Gabriel Sheffer (FFLCH) apontou uma “crise de legitimidade” dos dirigentes. “O Co é muito pouco permeável à participação da comunidade, especialmente de estudantes e funcionários. […] Este conselho tem tomado decisões que afetam diretamente os interesses da comunidade universitária”, destacou, pedindo uma reformulação. Na mesma linha argumentou Bruno Sperb (FFLCH), representante dos funcionários.
Luis Henrique Catalani, diretor do IQ, procurou rebater as falas dos representantes discentes. Na sua opinião, foi o “modelo atual” que fez da USP a mais importante universidade da América Latina e a inseriu nos principais rankings do mundo. “A direção é mais importante do que a velocidade”, afirmou ainda, pedindo que as mudanças sejam introduzidas sem pressa. Em seguida, deu-se uma nova fala de Zago, também em contestação aos estudantes: “Me cabe reafirmar que este Co, orgão máximo da universidade, tem legitimidade para tomar decisões”.
O professor Luis Menna-Barreto (EACH) ponderou: “Hoje a participação estudantil só tem como perspectiva a derrota em qualquer colegiado”. Mariana Moura, discente da pós-graduação (IEE), contestou Catalani: “Não acho que tenha sido a atual estrutura da universidade que trouxe a USP aonde ela está hoje. Prefiro uma visão mais dialética. A luta contra esta estrutura garantiu aumento importante dos recursos para a universidade, na década de 1990. As notas dos programas também se devem a isso”. Expressou apoio à Estatuinte e à eleição direta. Marcela Carbone (ECA), por sua vez, deplorou a “estrutura de poder absolutamente arcaica e antidemocrática” e os rankings e reforçou a crítica ao diretor do IQ: “Quem tinha o discurso de que o autoritarismo levava ao desenvolvimento era o regime militar”.
O professor José Piqueira, diretor da EP, retrucou: “Quem combateu a Ditadura está nas primeiras filas aqui. Muita gente fala sobre o regime militar sem saber o que foi”, disse. “Universidade não deve ser monastério, nem supermercado.

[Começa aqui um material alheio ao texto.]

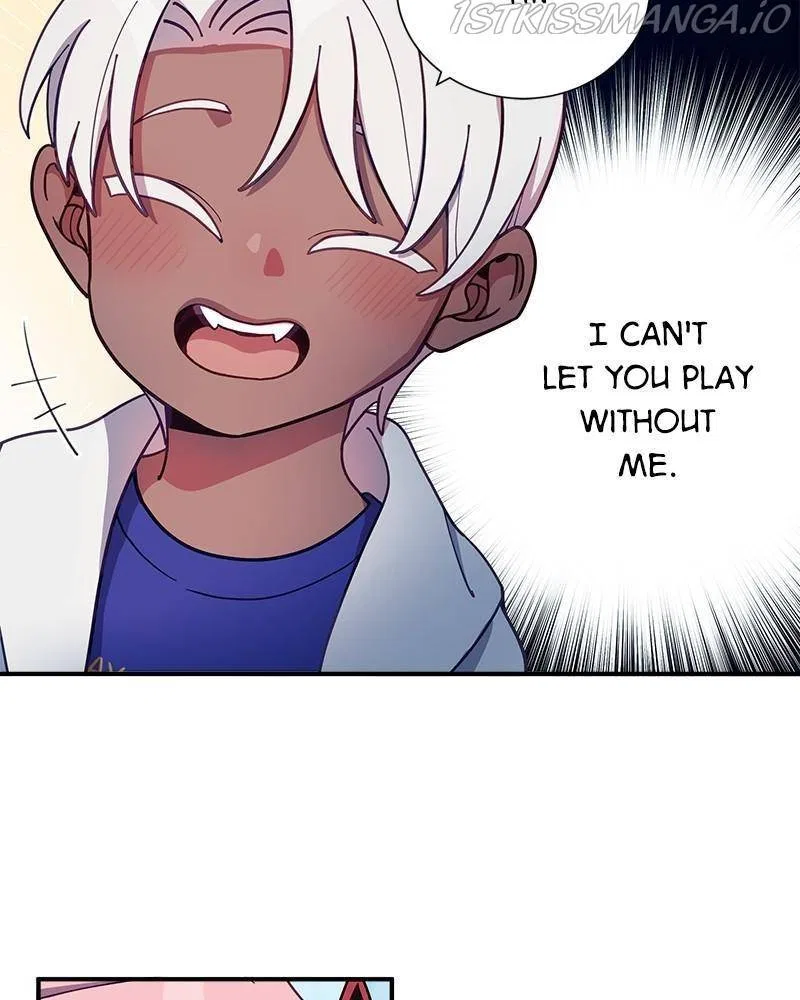 Lord, Let Me Be the Devil! Chapter 30 – Page 84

Qualquer discussão passa por critério de excelência, e excelência acadêmica, que pressupõe meritocracia. Este Conselho Universitário é legítimo sim, e os seus membros não estão aqui à toa, estão aqui porque trabalharam, pesquisaram”. Mais: “Os estudantes da USP têm uma participação importante na decadência da sua imagem” (da universidade).
Representante dos doutores, José Renato Araújo defendeu mudanças no Co: “Sou um professor para representar 3 mil docentes”. Indagou ao reitor: “Nós vamos reformar o Estatuto, fazer emendas, ou criar um novo Estatuto?”

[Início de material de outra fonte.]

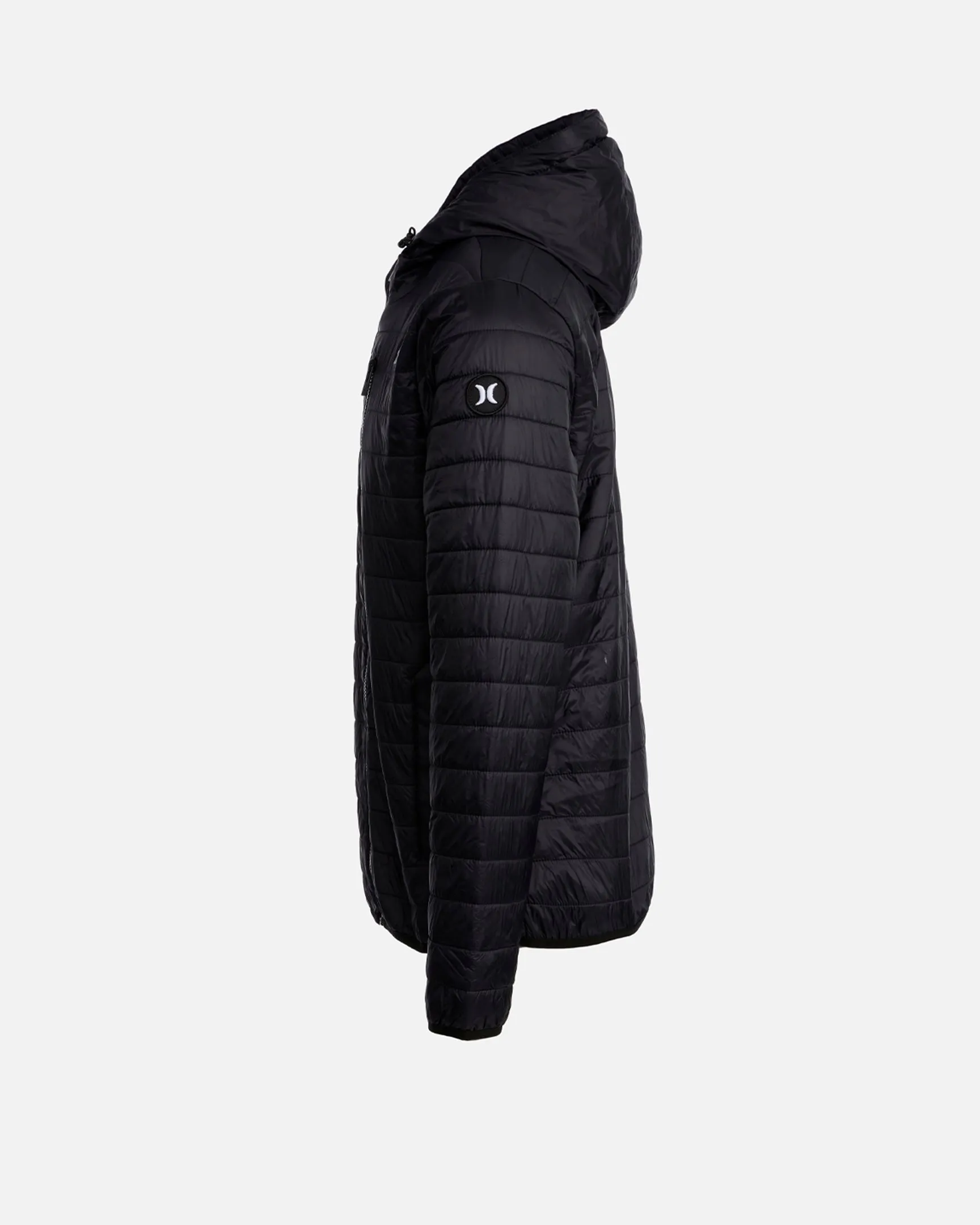 Balsam Quilted Packable Jacket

A próxima reunião extraordinária do Co sobre estrutura de poder e governança na USP ocorrerá em 7/4/2015 e estarão em debate os temas: carreiras e regimes de trabalho, e autonomia e organização das unidades e órgãos. Mas, especialmente, serão definidas as formas de deliberação das alterações estatutárias, bem como o respectivo calendário.